■ **MATERIAL FOR THIS EXERCISE**:

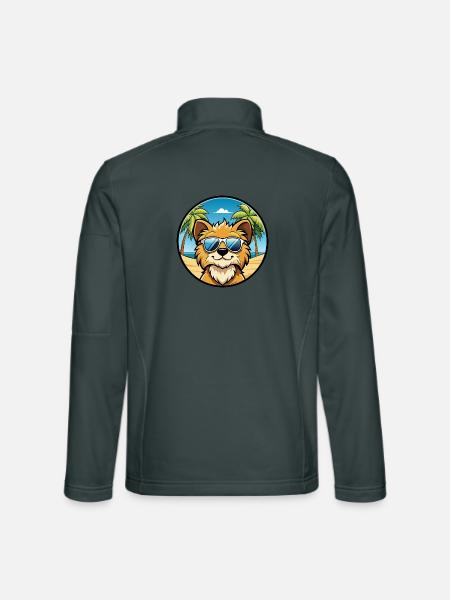 Lowchen Little Lion Dog Breed Cartoon Sunglasses - Unisex Softshell Jacket - mouse grey - Back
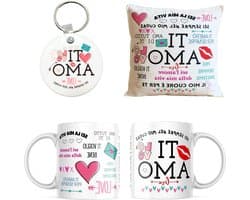 Romantisch Cadeaupakket - Liefdesgeschenk Set - Verras Je Geliefde - Kussen Mok Sleutelhanger - 35x35 cm - Multicolor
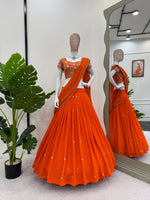 Designer Orange Color Ready To Wear Lehenga Saree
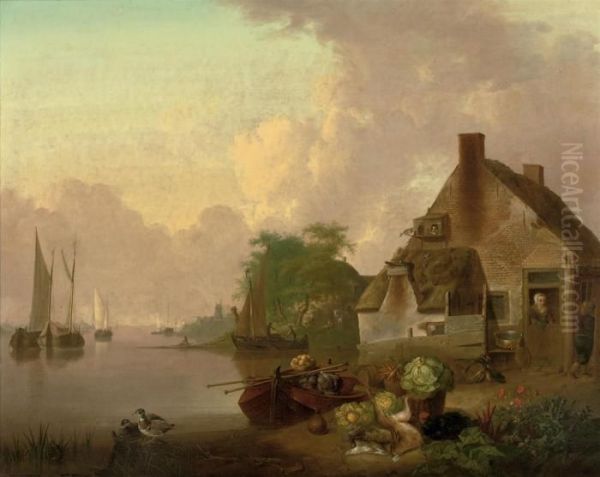 A River Landscape With A Cottage Oil Painting by Jan van Os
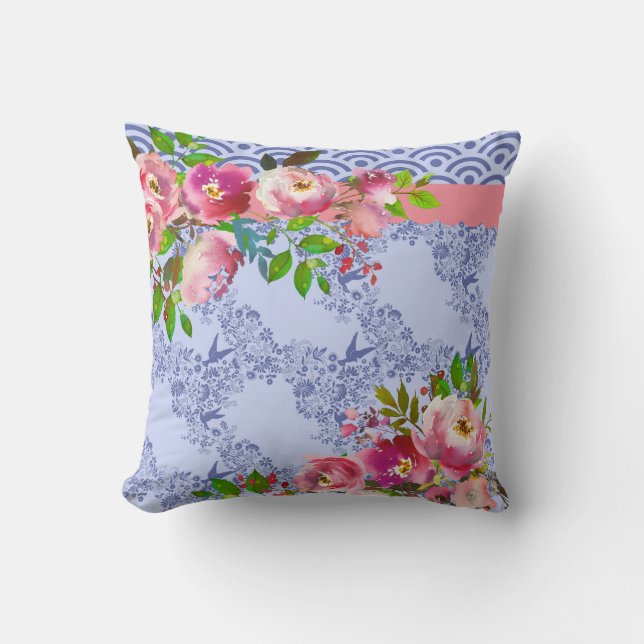 Watercolor Roses & Periwinkle Blue Throw Pillow (Front)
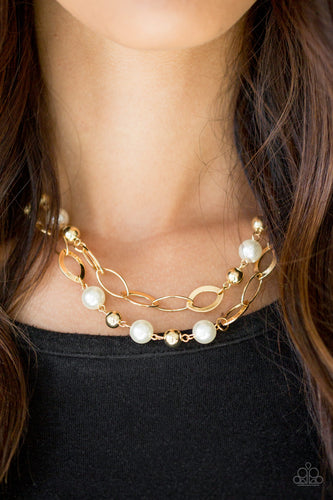 Glimmer Takes All- White and Gold Necklace- Paparazzi Accessories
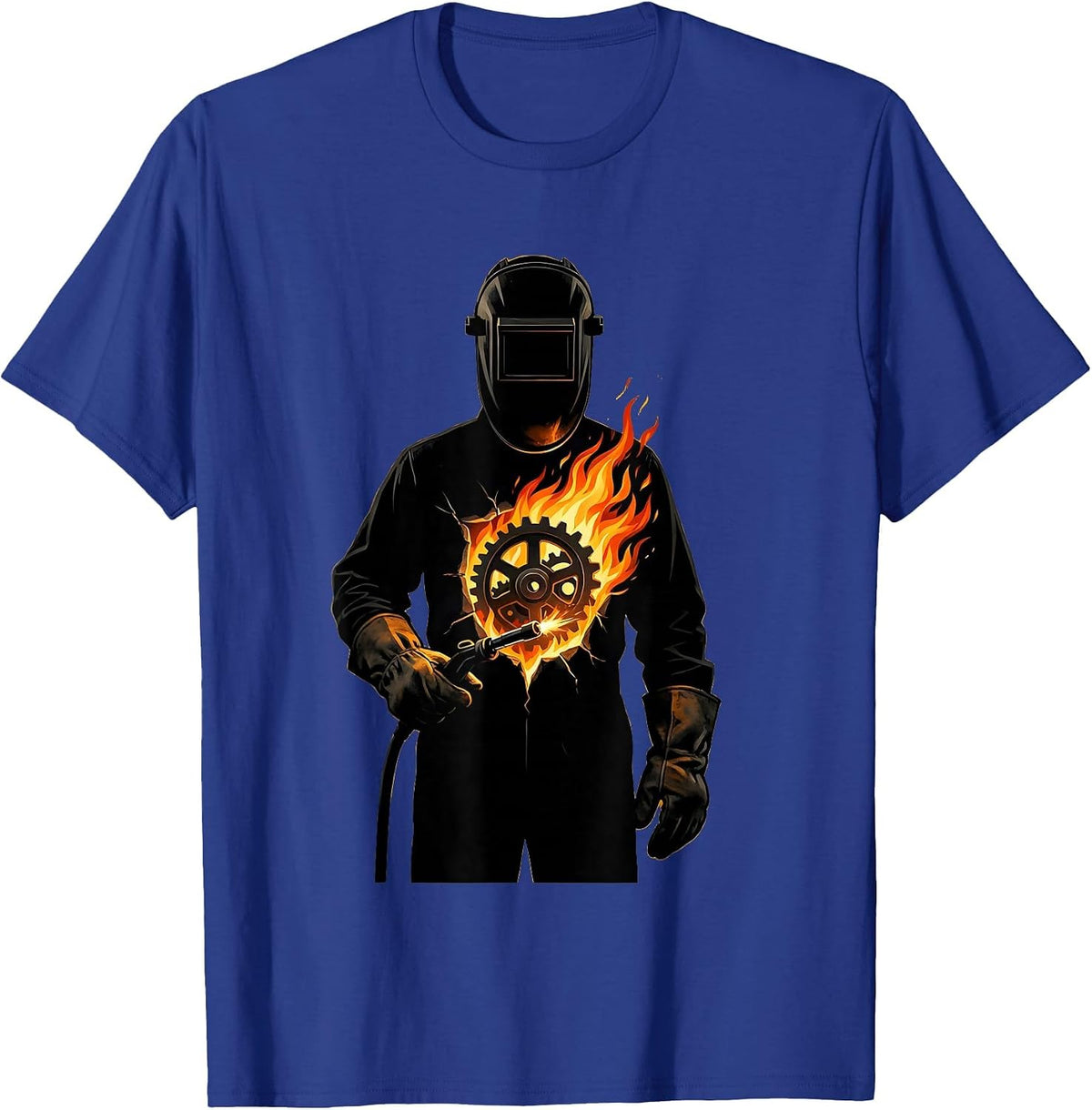 Welder Gear and Flames Open Chest Graphic T-Shirt - Royal Blue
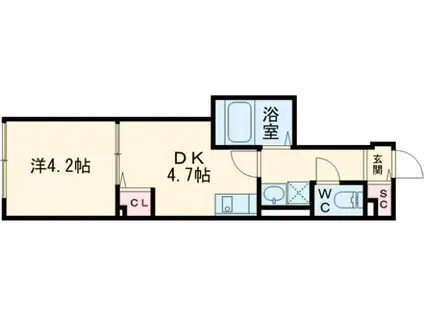 エルファーロ神楽坂2(1DK/3階)の間取り写真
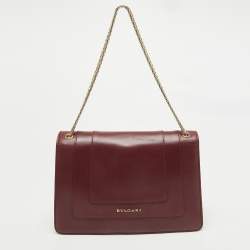 Pre Owned Bvlgari Bugundy Leather Medium Serpenti Forever Shoulder Bag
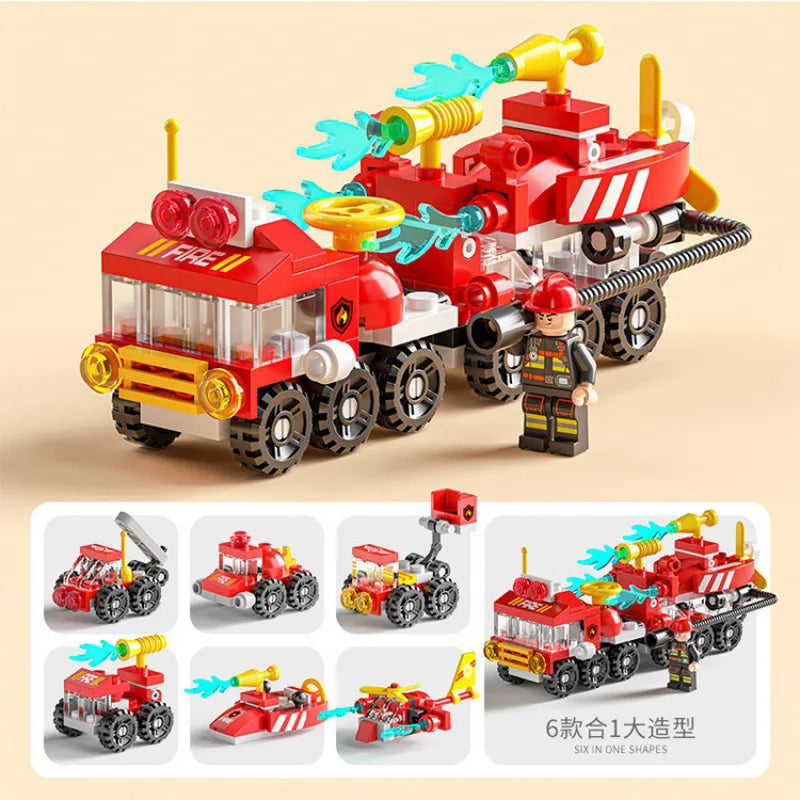 KTX-641491 6 in 1 Building Blocks Cement Mixer Mini Loader Truck Toy Set for Kids Ages 2 and Up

■ **ACTION ITEM**:
Here the job is to print the data above exactly, except for any pictures.

■ **RESULT**:
 Lowchen Little Lion Dog Breed Cartoon Sunglasses - Unisex Softshell Jacket - mouse grey - Back
 Romantisch Cadeaupakket - Liefdesgeschenk Set - Verras Je Geliefde - Kussen Mok Sleutelhanger - 35x35 cm - Multicolor
 Designer Orange Color Ready To Wear Lehenga Saree
 A River Landscape With A Cottage Oil Painting by Jan van Os
 Watercolor Roses & Periwinkle Blue Throw Pillow (Front)
 Glimmer Takes All- White and Gold Necklace- Paparazzi Accessories
 Welder Gear and Flames Open Chest Graphic T-Shirt - Royal Blue
 エルファーロ神楽坂2(1DK/3階)の間取り写真
 Pre Owned Bvlgari Bugundy Leather Medium Serpenti Forever Shoulder Bag
 KTX-641491 6 in 1 Building Blocks Cement Mixer Mini Loader Truck Toy Set for Kids Ages 2 and Up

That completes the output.